Every line from the one with "TILONSTAR TVC200DA ขายส่ง" to the one with "Dark-green color embroideried", including those two, is to be copied exactly; all other lines of the entries below are left out.

(Beginning of Given information)

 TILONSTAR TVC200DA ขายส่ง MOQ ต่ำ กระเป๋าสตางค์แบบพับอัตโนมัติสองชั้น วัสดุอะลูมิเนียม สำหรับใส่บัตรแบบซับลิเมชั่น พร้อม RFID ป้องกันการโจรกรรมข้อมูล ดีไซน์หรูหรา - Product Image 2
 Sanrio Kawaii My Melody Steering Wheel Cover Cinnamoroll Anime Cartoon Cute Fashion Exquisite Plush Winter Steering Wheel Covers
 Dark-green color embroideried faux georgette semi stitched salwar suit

(End of Given information)
(Beginning of Given information)

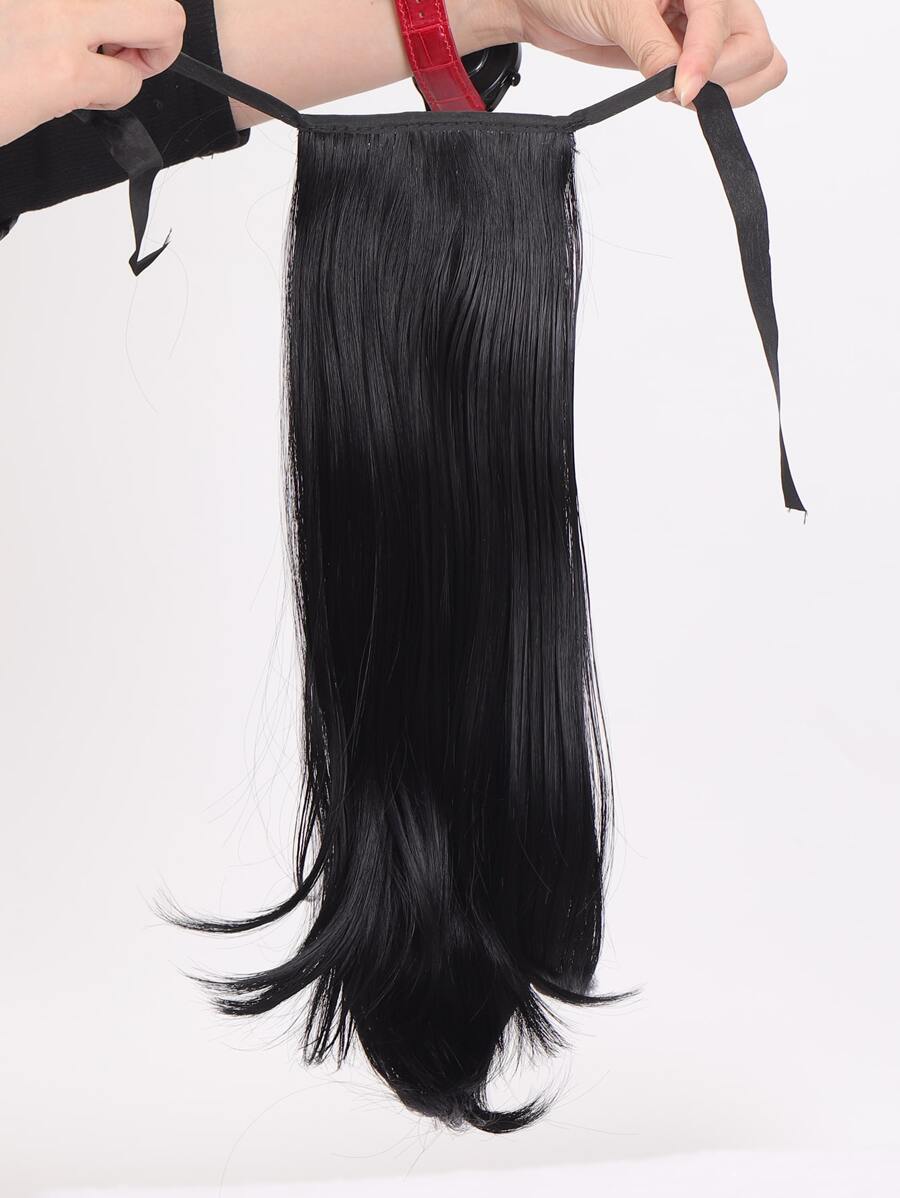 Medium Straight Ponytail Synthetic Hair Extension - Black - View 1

(End of Given information)

Written response:
 TILONSTAR TVC200DA ขายส่ง MOQ ต่ำ กระเป๋าสตางค์แบบพับอัตโนมัติสองชั้น วัสดุอะลูมิเนียม สำหรับใส่บัตรแบบซับลิเมชั่น พร้อม RFID ป้องกันการโจรกรรมข้อมูล ดีไซน์หรูหรา - Product Image 2
 Sanrio Kawaii My Melody Steering Wheel Cover Cinnamoroll Anime Cartoon Cute Fashion Exquisite Plush Winter Steering Wheel Covers
 Dark-green color embroideried faux georgette semi stitched salwar suit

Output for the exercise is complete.